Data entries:
------------

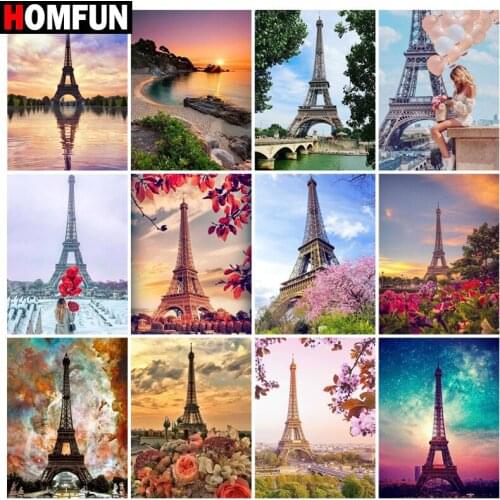 HOMFUN Rhinestone Painting Crystal Decor Diy Diamond Painting "Tower tree landscape" 3D Cross Stitch Pattern Diamond Embroidery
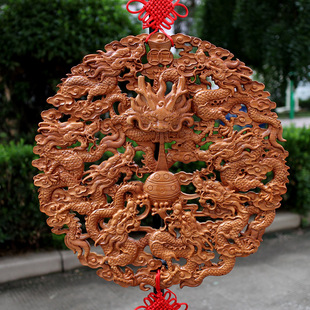 桃木九龙献瑞九龙戏珠九龙壁挂件摆件H木雕玄关客厅店铺镇宅招财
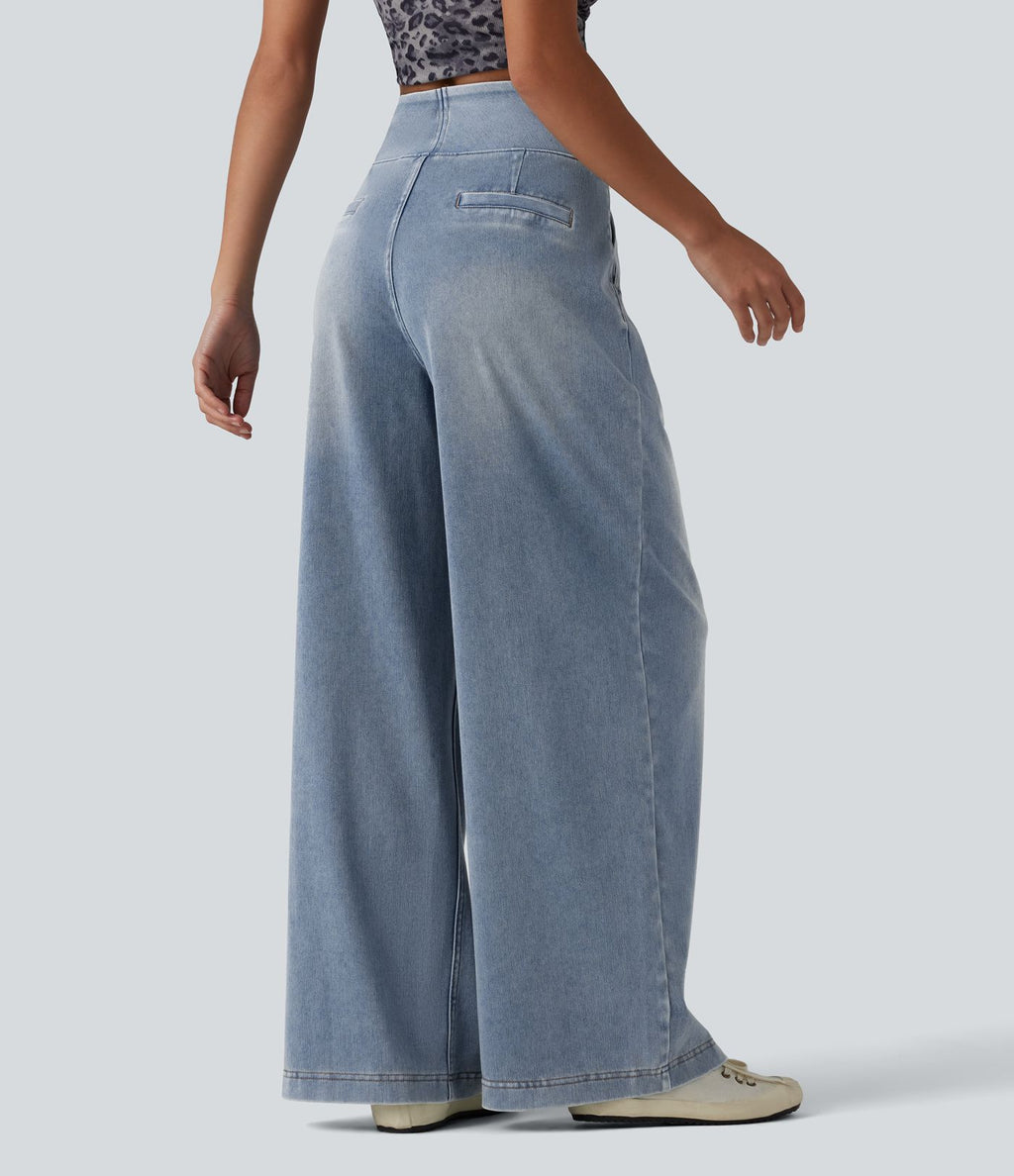 Jean large Halara Flex™ délavé décontracté, taille haute, à poches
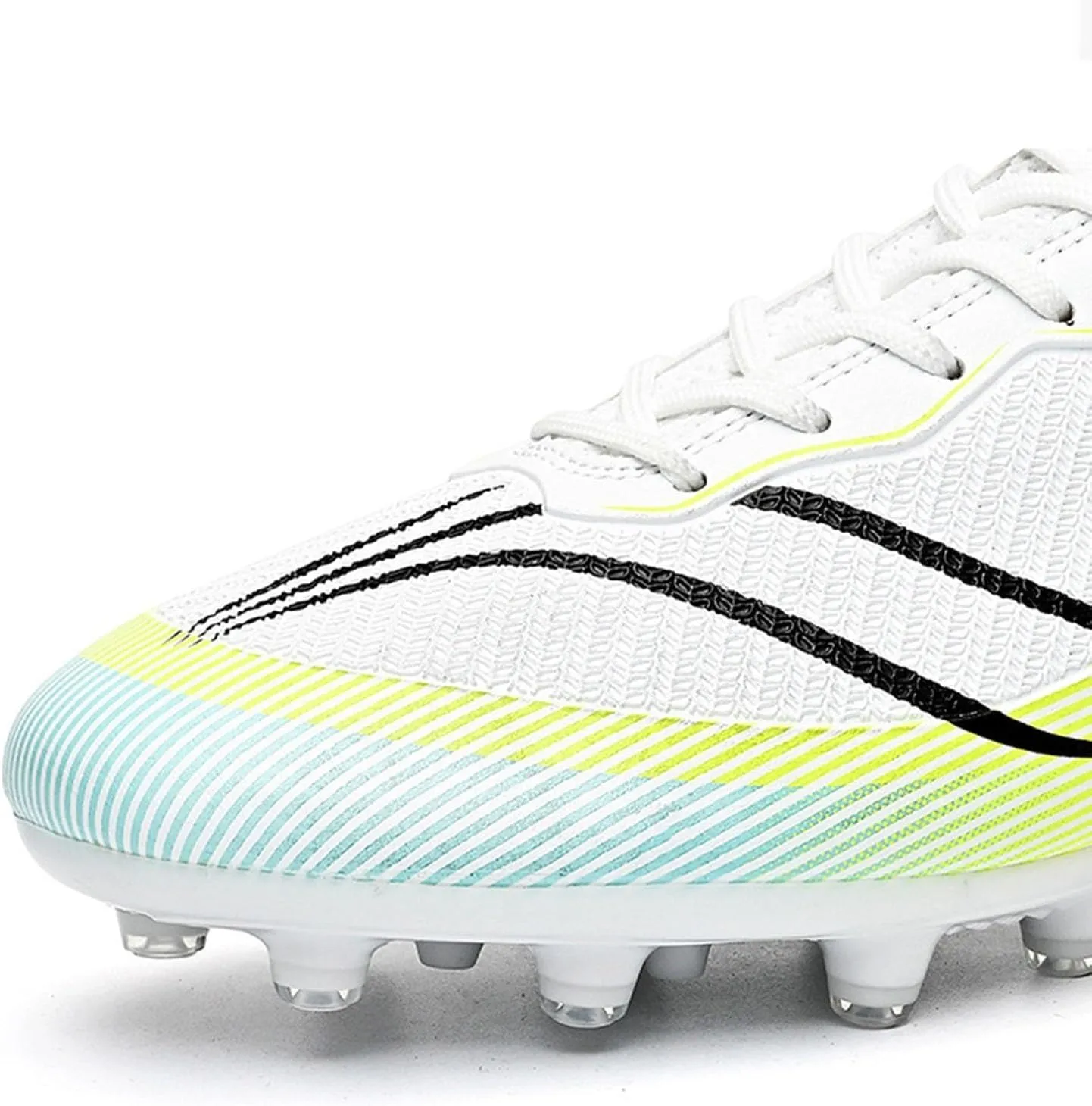Soccer Cleats Wide Fit Competition Professional, Football Cleats Lightweight Breathable High Top for Big Boys Youth Turf Ground Athletic Training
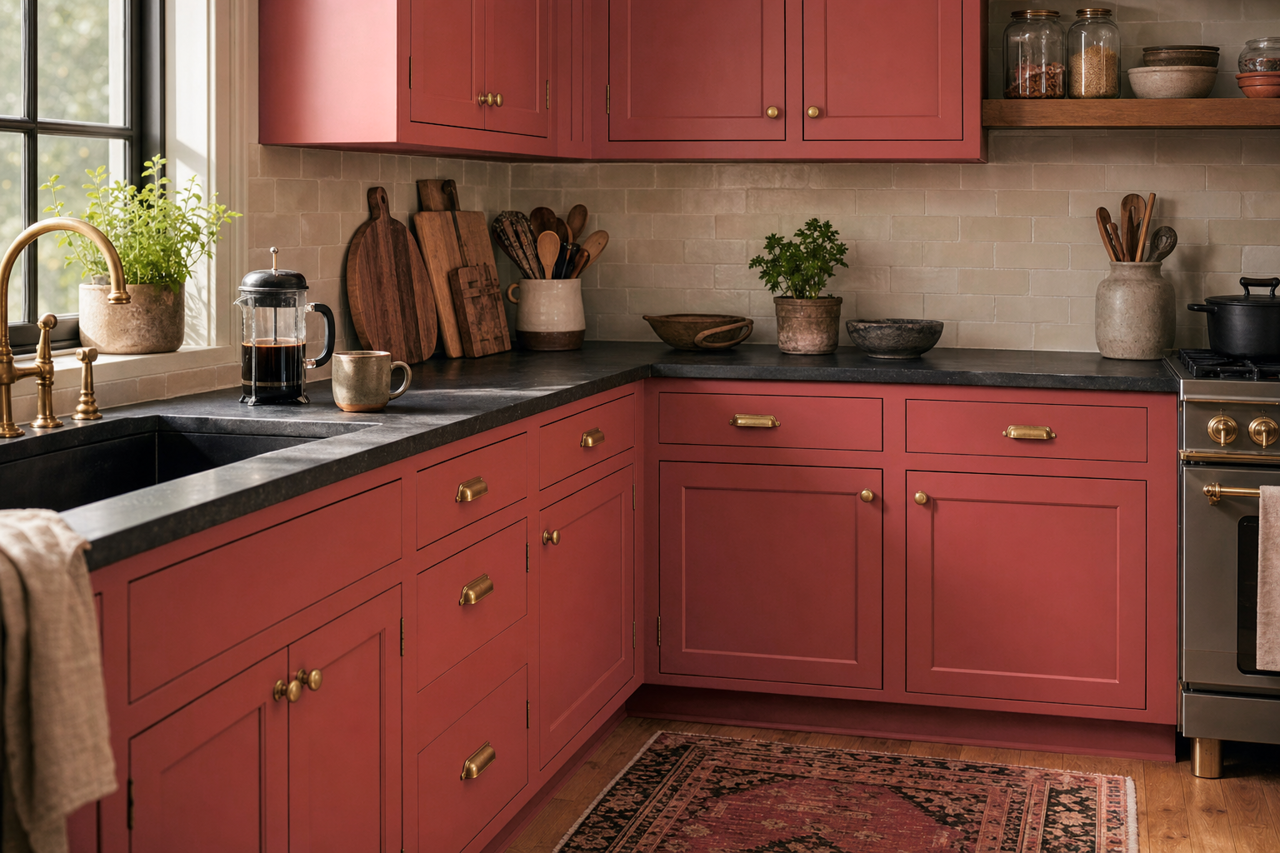 Bravado Red by Sherwin-Williams on cabinets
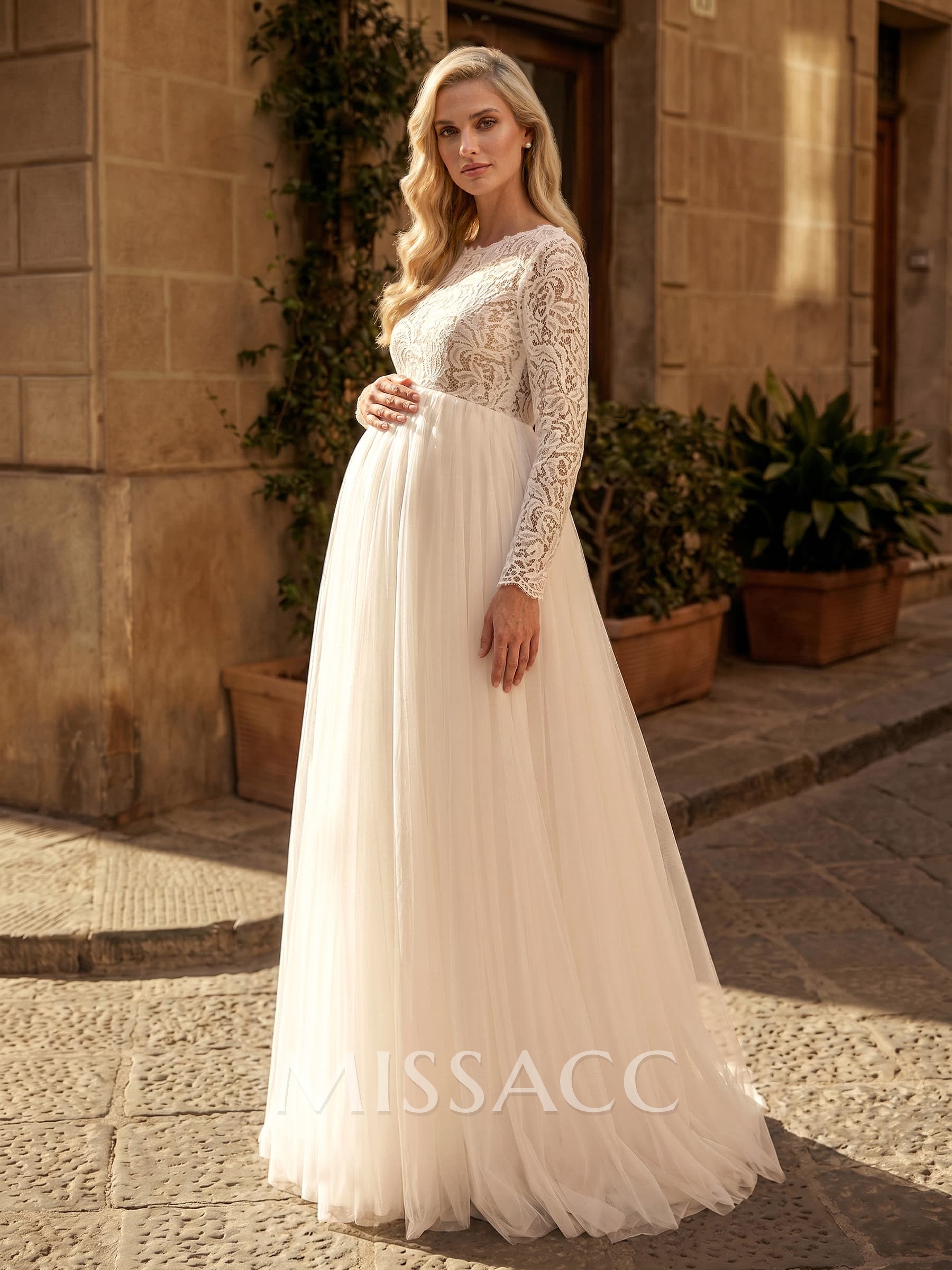 A-Line Scoop Neck Long Sleeves Floor-Length Satin/Tulle Maternity Wedding Dresses With Lace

------------

▸ Task brief
Output the entries above verbatim. Omit the images.

▸ Result of the task
 HOMFUN Rhinestone Painting Crystal Decor Diy Diamond Painting "Tower tree landscape" 3D Cross Stitch Pattern Diamond Embroidery
 桃木九龙献瑞九龙戏珠九龙壁挂件摆件H木雕玄关客厅店铺镇宅招财
 Jean large Halara Flex™ délavé décontracté, taille haute, à poches
Soccer Cleats Wide Fit Competition Professional, Football Cleats Lightweight Breathable High Top for Big Boys Youth Turf Ground Athletic Training
 Bravado Red by Sherwin-Williams on cabinets
 A-Line Scoop Neck Long Sleeves Floor-Length Satin/Tulle Maternity Wedding Dresses With Lace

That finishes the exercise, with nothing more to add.